* YOUR GOAL
Once "نهال گلابی ویلیامز زودبازده | ۰۹۱۲۱۲۶۳۵۲۴" turns up in a line below, reproduce that line and those after it exactly, stopping after the line with "[Lone_Little_Evergreen_by_LobosLeo.jpg]"; leave pictures out.

* MATERIAL FOR THIS TASK
───

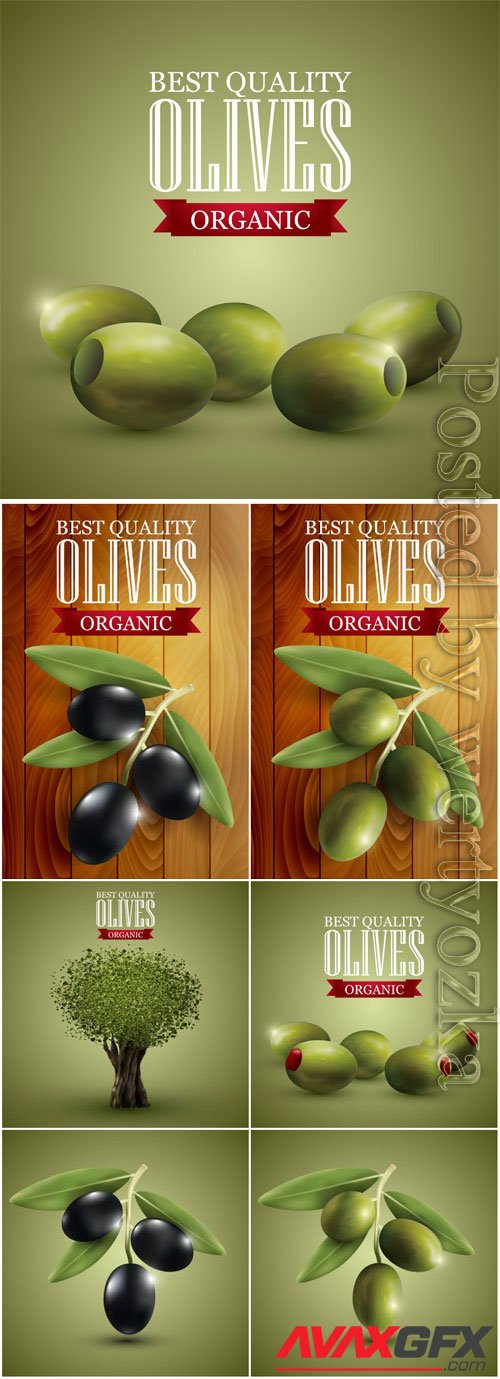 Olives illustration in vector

───

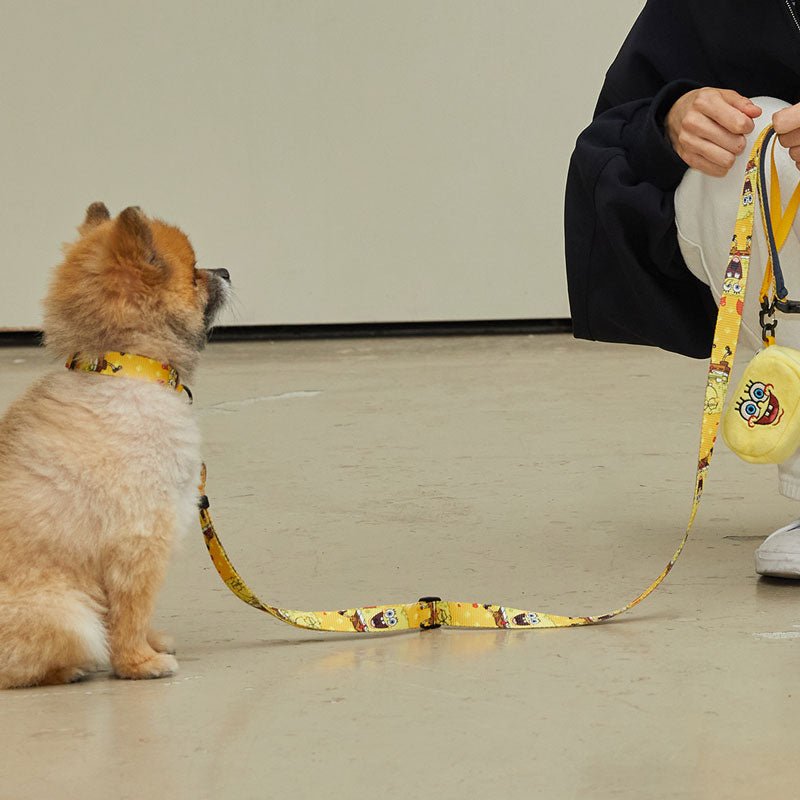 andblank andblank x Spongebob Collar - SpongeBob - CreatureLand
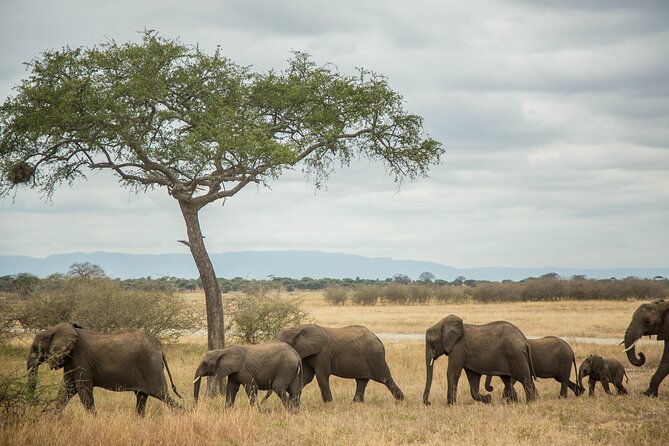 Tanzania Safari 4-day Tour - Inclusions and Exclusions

───

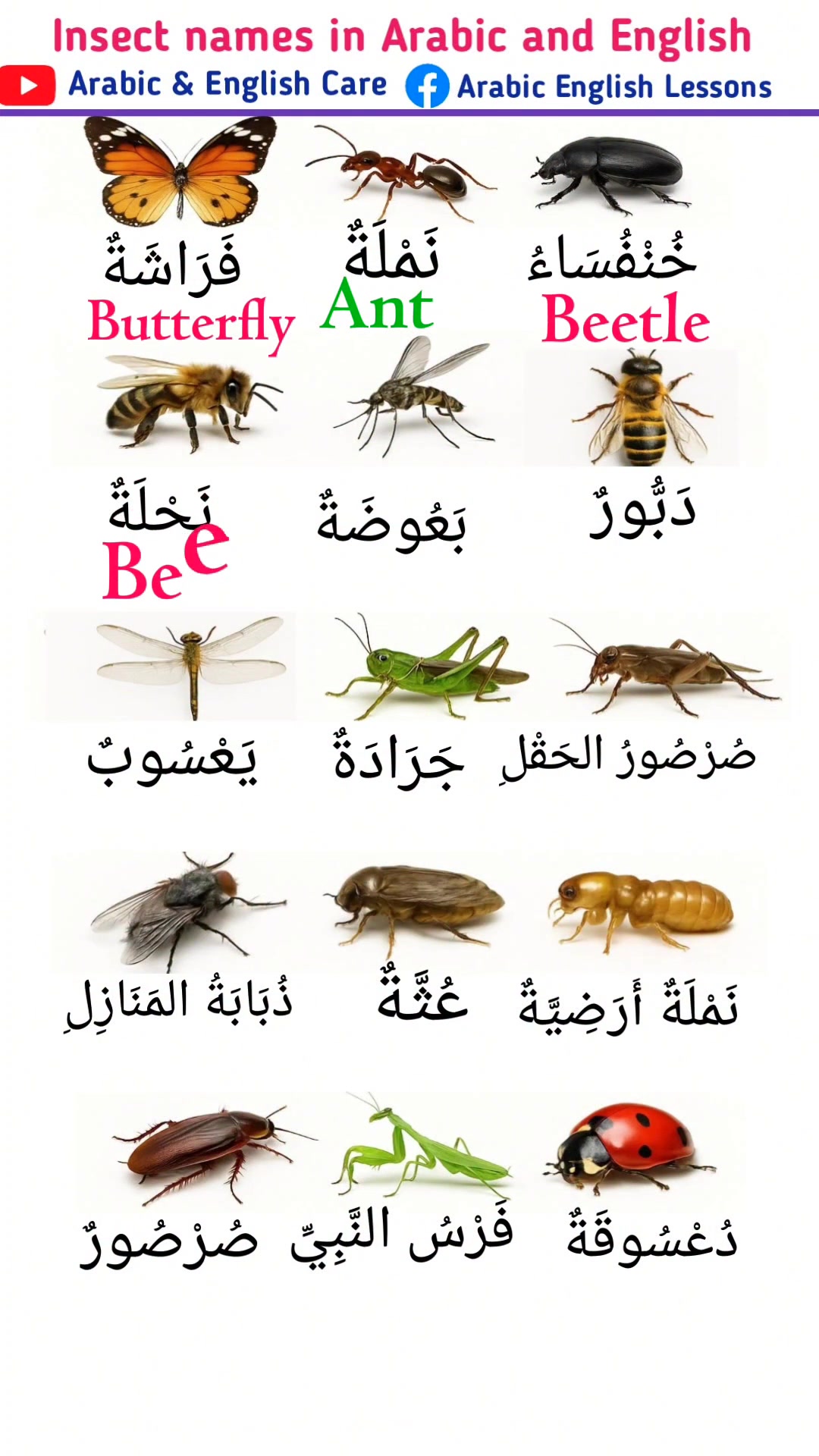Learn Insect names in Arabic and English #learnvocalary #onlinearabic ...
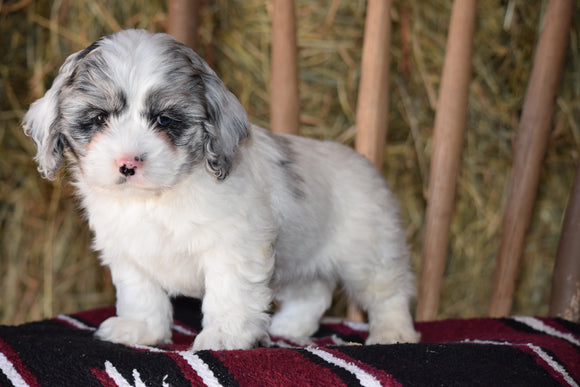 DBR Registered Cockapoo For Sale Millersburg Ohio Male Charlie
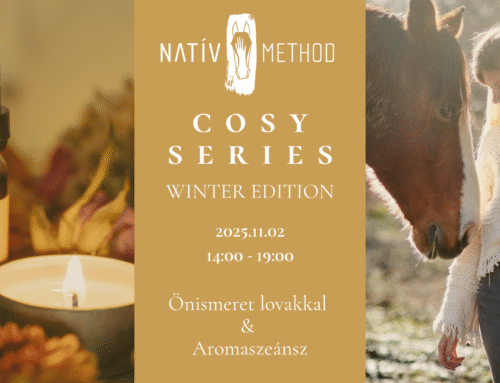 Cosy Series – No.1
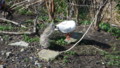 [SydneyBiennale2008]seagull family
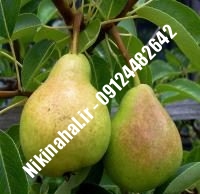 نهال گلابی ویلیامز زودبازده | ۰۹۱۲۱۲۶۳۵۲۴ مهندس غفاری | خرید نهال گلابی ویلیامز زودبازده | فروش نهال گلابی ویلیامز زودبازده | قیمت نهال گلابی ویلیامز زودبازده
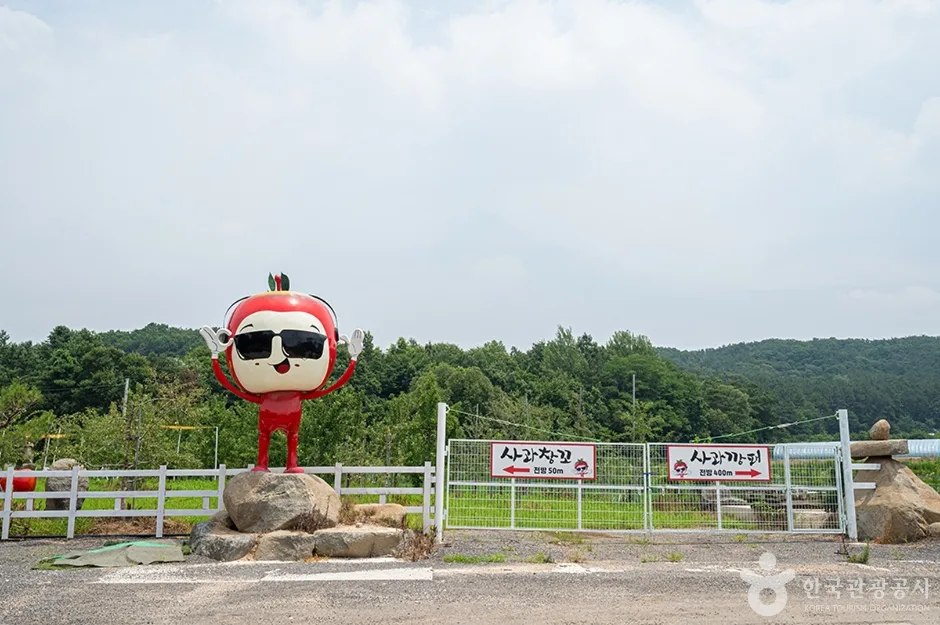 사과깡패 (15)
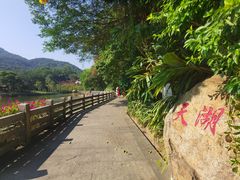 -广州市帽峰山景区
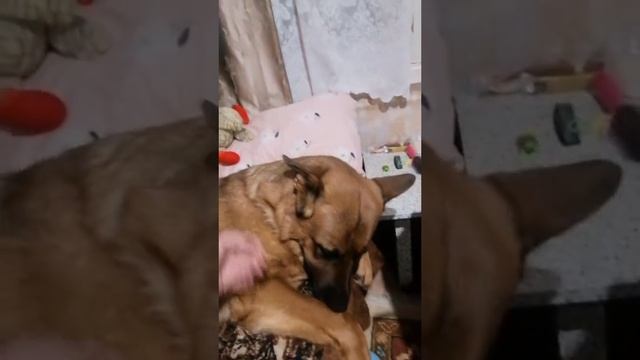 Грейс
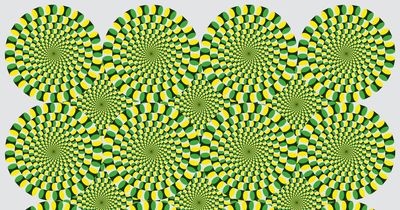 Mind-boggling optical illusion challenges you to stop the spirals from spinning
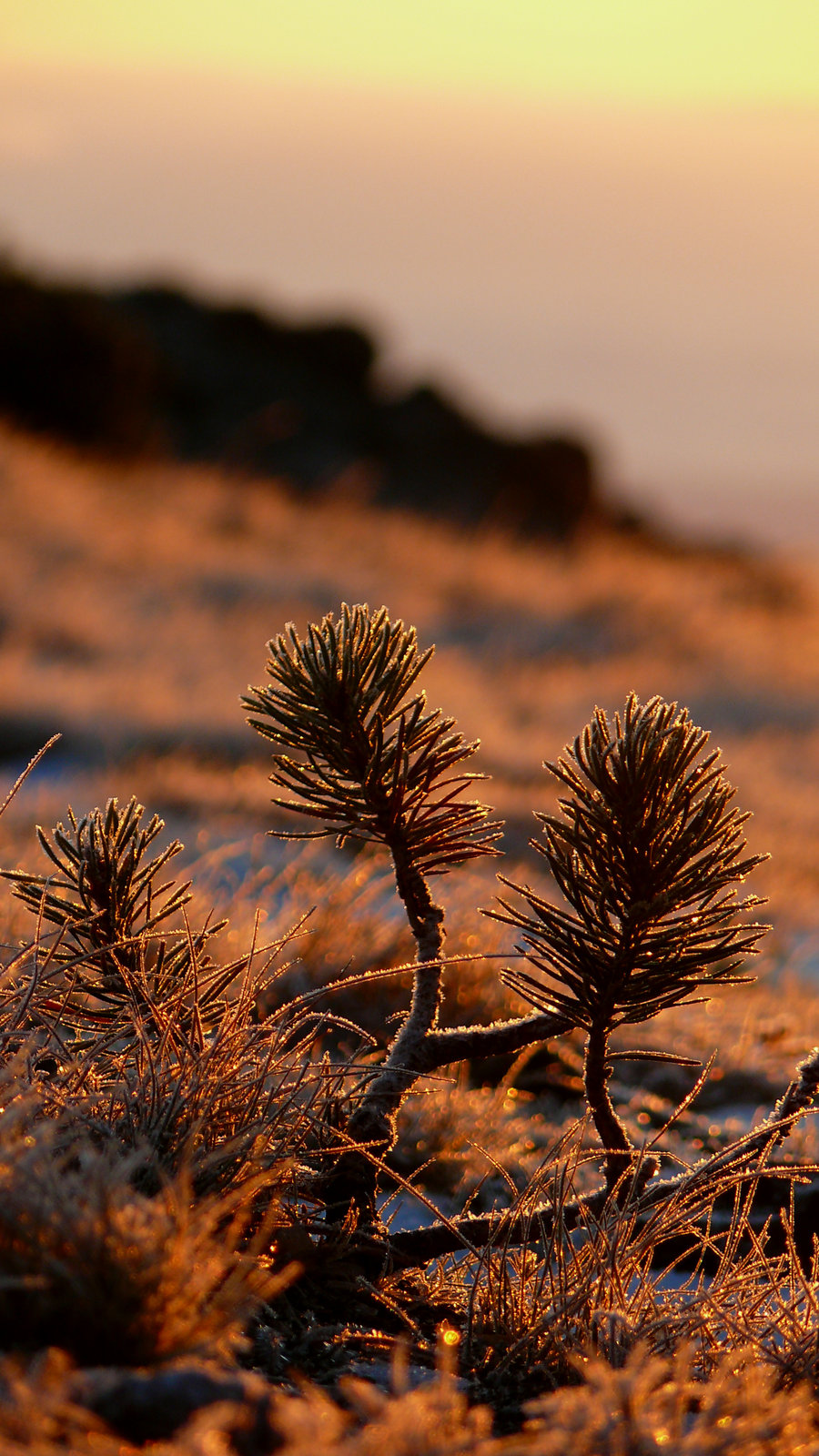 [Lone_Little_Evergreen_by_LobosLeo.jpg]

───

* YOUR RESPONSE
 نهال گلابی ویلیامز زودبازده | ۰۹۱۲۱۲۶۳۵۲۴ مهندس غفاری | خرید نهال گلابی ویلیامز زودبازده | فروش نهال گلابی ویلیامز زودبازده | قیمت نهال گلابی ویلیامز زودبازده
 사과깡패 (15)
 -广州市帽峰山景区
 Грейс
 Mind-boggling optical illusion challenges you to stop the spirals from spinning
 [Lone_Little_Evergreen_by_LobosLeo.jpg]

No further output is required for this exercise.